Se trata del mismo Jesús, aunque en diferente condición. Por tanto, ¡velad! Esta es la gran consigna del adviento. Estad vigilantes para no dejaros seducir por el mundo y sus ofertas de aparente felicidad –en realidad, de placer, de poder, de dinero, de saber, etc-, para no dejaros absorber por lo visible olvidándoos de Dios, que se encuentra más allá de lo visible, en lo invisible. Y manteneos firmes en la esperanza del que vendrá, porque realmente vendrá para poner de manifiesto la verdad, para sacar a la luz lo que esconden las tinieblas. Él lo hará en vosotros, nos dice san Pablo: os mantendrá firmes hasta el final. Para alcanzar la meta se requiere firmeza y perseverancia.

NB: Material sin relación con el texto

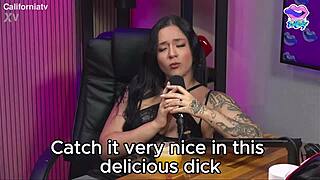 Lingerie fun with milfs and girlfriends, licking and more 😘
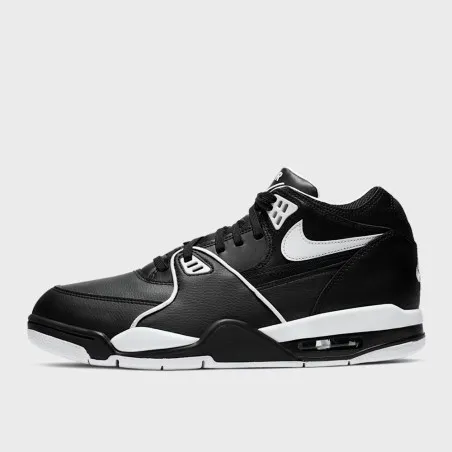 Basket Homme NIKE AIR FLIGHT 89 CU4833-015 - NIKE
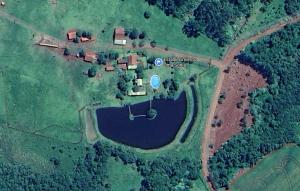 Gallery image of Establecimiento Oma Sonia in Hohenau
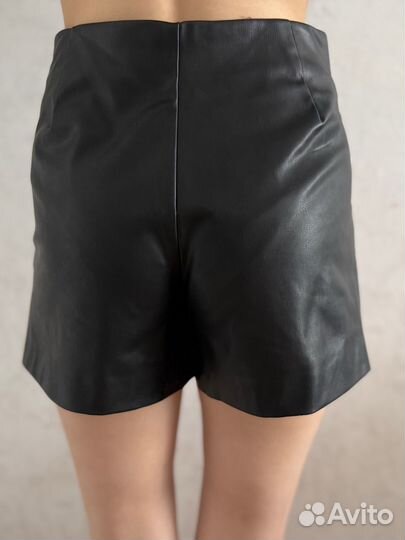 Костюм zara 3500xs-s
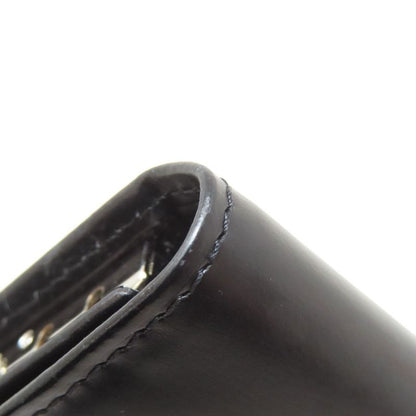 Cartier Panthère Key Case Calf Women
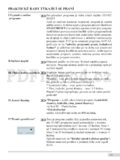 Amica AWCE 10D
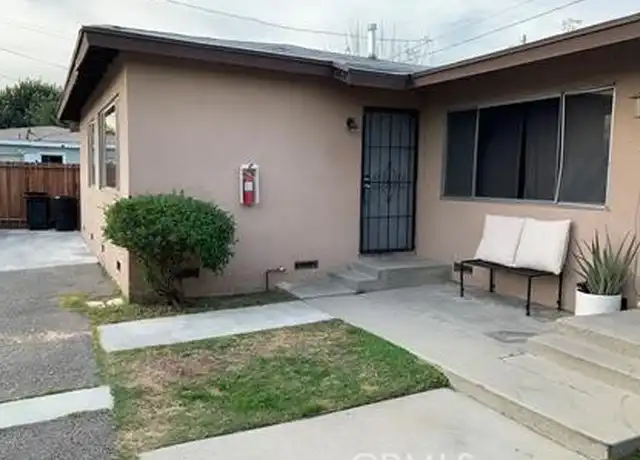 Property at 8839 Elm Ave, Temple City, CA, 91780, 2 beds, 1 bath, [object Object]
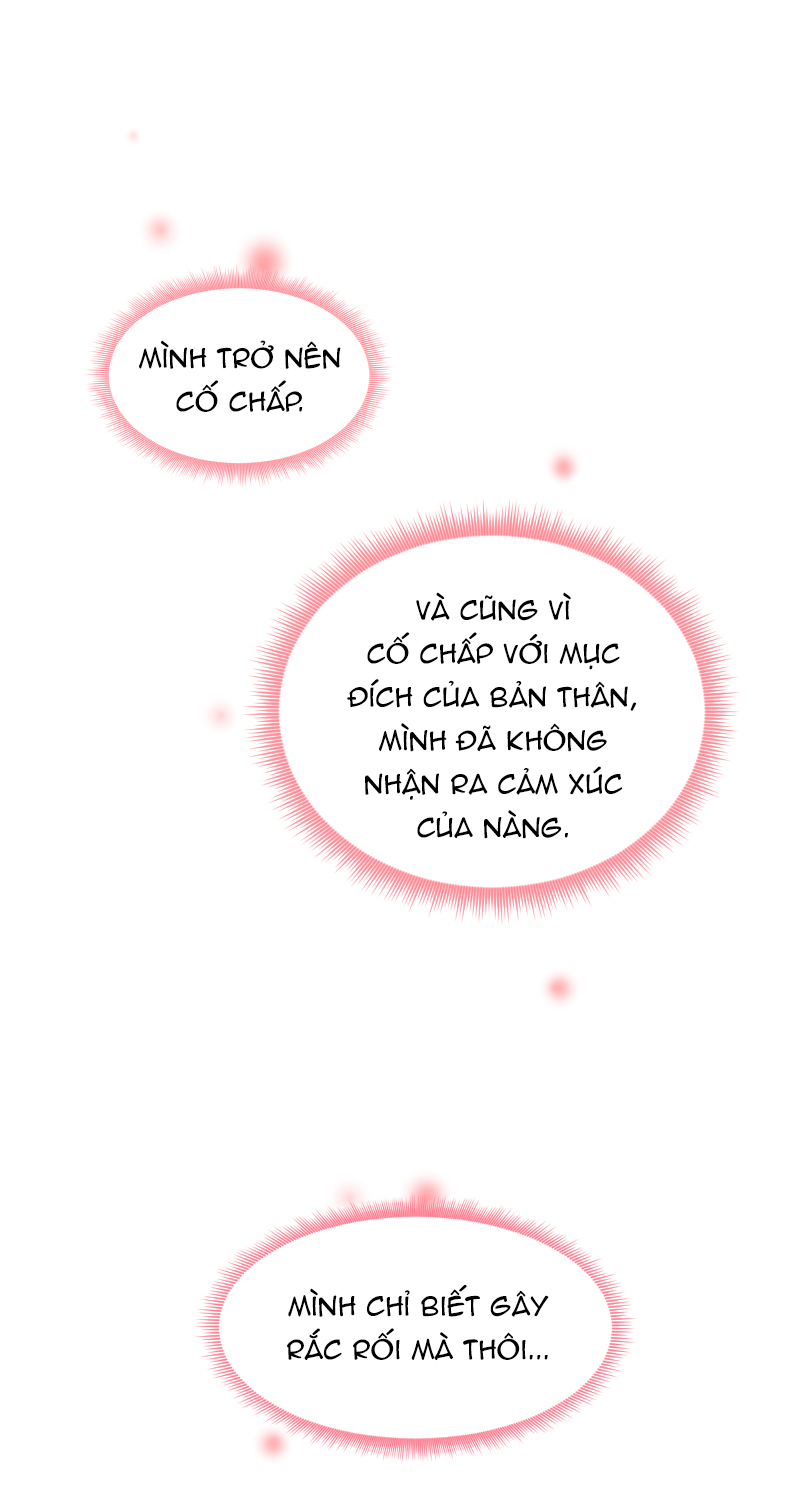 đọc truyện Mage & Demon Queen Chương 31 ảnh 11 tại Thiên Thai Truyện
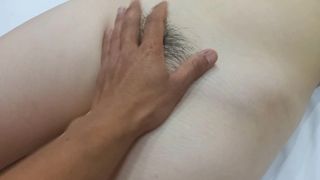 Fuck Asia Hoes Sex #3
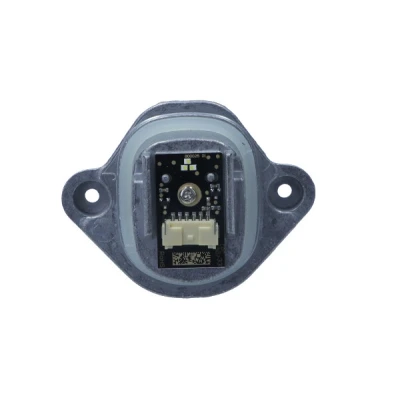Kuva MAXGEAR 27 1851 Ohjainlaite, Valo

Esto es muy importante hoy, en un tiempo en el que se impone la vacilación y la carencia de convicciones o principios, eso que Benedicto XVI llamó dictadura del relativismo. Y hay que esperar esta venida con el anhelo que revelan las palabras del profeta: ¡Ojalá rasgases el cielo y bajases, derritiendo los montes con tu presencia! Con esta expresión Isaías deja escapar de sus labios un deseo vehemente, suscitado por la urgencia del momento, que reclama una presencia más palpable y manifiesta de Aquel cuyo nombre es nuestro redentor; porque lo que él espera es un redentor capaz de sacarles de su impureza y estado de culpa, de su ignorancia y olvido culpables. Nadie invocaba tu nombre –dice-, ni se esforzaba por aferrarse a ti; pues nos ocultabas tu rostro y nos entregabas al poder de nuestra culpa.
Hoy se habla de eclipse de Dios. ¿Qué otra cosa significa esta expresión que el ocultamiento del rostro de Dios? En esta situación tan antigua y tal actual Isaías clama: Vuélvete a nosotros, muéstranos tu rostro… ¿Por qué endureces nuestro corazón para que no te tema? Porque tú eres nuestro padre y nosotros obra de tu mano. Desconocer al que nos ha hecho es una triste y grave ignorancia. Por eso, restáuranos, decimos con el salmista, que brille tu rostro y nos salve. Restáuranos, devuélvenos la vista para verte, danos la luz de la fe para que podamos siquiera divisar tu rostro de Padre. Sin esta luz permaneceremos en la oscuridad, en la ignorancia de nuestra condición filial y de lo que nos espera, en la ignorancia de los que somos (hijos de Dios) y de lo que nos prometes y regalas: esa herencia prometida que es la vida misma del Hijo. Y Él es fiel, concluye el Apóstol, fiel a sus palabras, fiel a sus promesas, fiel a su alianza o compromiso de amor.